The Great Sanhedrin in Paris

§ 475 The decree of the National Assembly of 27 February 1791, which granted the Jews all civil rights if they would take the constitutional oath, had no great influence on the development of their condition. They remained, as before, outside the nation and its great interests; the history of the revolution passed by them without influence; none of them intervened in it in any way and linked his name with its history; the only thing the revolution meant for them was only this one, that it gave them an unpunished opportunity for usury.
§ 476 The complaints about usury finally became so threatening — especially in the Rhine departments — that Napoleon believed he had to apply a decisive means. He summoned an assembly of Jewish deputies to Paris and had several questions put to them by his government officials as to whether, according to their law, it was permitted to them to regard the laws of the people in whose midst they lived also as their own, the members of the people as their brothers, and to arrange their way of life accordingly. After the deputies had answered the question in the affirmative, Napoleon in the year 1807 summoned a Grand Sanhedrin, so that through its resolutions the decisions of the Jewish deputies might receive the force of legal resolutions.
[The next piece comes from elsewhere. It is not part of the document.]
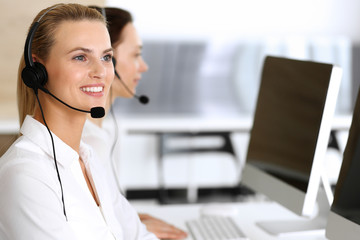 Call center. Happy and excited business woman using headset while consulting clients online. Customer service office or telemarketing department. Smiling group of operators at work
§ 477 The deputies and the Sanhedrin conceived their task as an apologetic one. They could not and were not allowed — they were no critics and no pure theorists — to say: Judaism views the world and its relations thus and so; the sincerity of the critic was not possible for them, since they had a determinate practical purpose and were of the opinion that this purpose, admission into the state union, was compatible with their religious principles. As apologists and apologetic theologians — again, they were neither critics nor pure politicians — they therefore had to endeavour to represent their religious principles and the recognition of the political laws of France not only as compatible with each other, but also to secure for the former the glory that they were by their original nature not opposed to the latter.
§ 478 A desperate undertaking!
§ 479 In his speech at the close of the sessions, the Nassi — (the head) — of the Sanhedrin said: "You have recognised religious and political ordinances, but you have also declared that to overstep the boundary of the former is nothing but confusion, blasphemy, profanation of the holy."
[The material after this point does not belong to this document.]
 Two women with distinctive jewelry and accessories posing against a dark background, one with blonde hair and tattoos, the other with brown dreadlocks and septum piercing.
§ 480 If this proposition were set up independently for itself and without historical collateral reference as a constitutive determination, one could perhaps let it pass as well-meant, although even in this way it is false, since it lies in the essence of the religious principle to overstep its so-called or supposed boundary and to secure sole dominion. If, however, the proposition — as is here the case — is at the same time to count as an authentic interpretation of the Old Testament law, then it is doubly false, and the theological way out which it is to open is closed again in the first moment.
§ 481 The declaration of the Sanhedrin is nothing more and nothing less than an accusation of the law of Jehovah, that it has overstepped the boundaries which every religious ordinance must observe. The own law of Jehovah, the law written by the fingers of God, has therefore made itself guilty of blasphemy; the law which owes its origin directly to the Holy One, of profanation of the holy. Everything in Judaism is divine, nothing human; everything is religion, and politics, if it is to be nothing but religion, may not be politics, just as little as the cleansing of cooking pots, if it is to count as a religious concern, may be regarded as a household matter.
§ 482 "You have recognised," continues the Nassi, "that the rank of a sovereign includes the right to dispose of certain political institutions; you have acknowledged the authority of the prince and commanded obedience."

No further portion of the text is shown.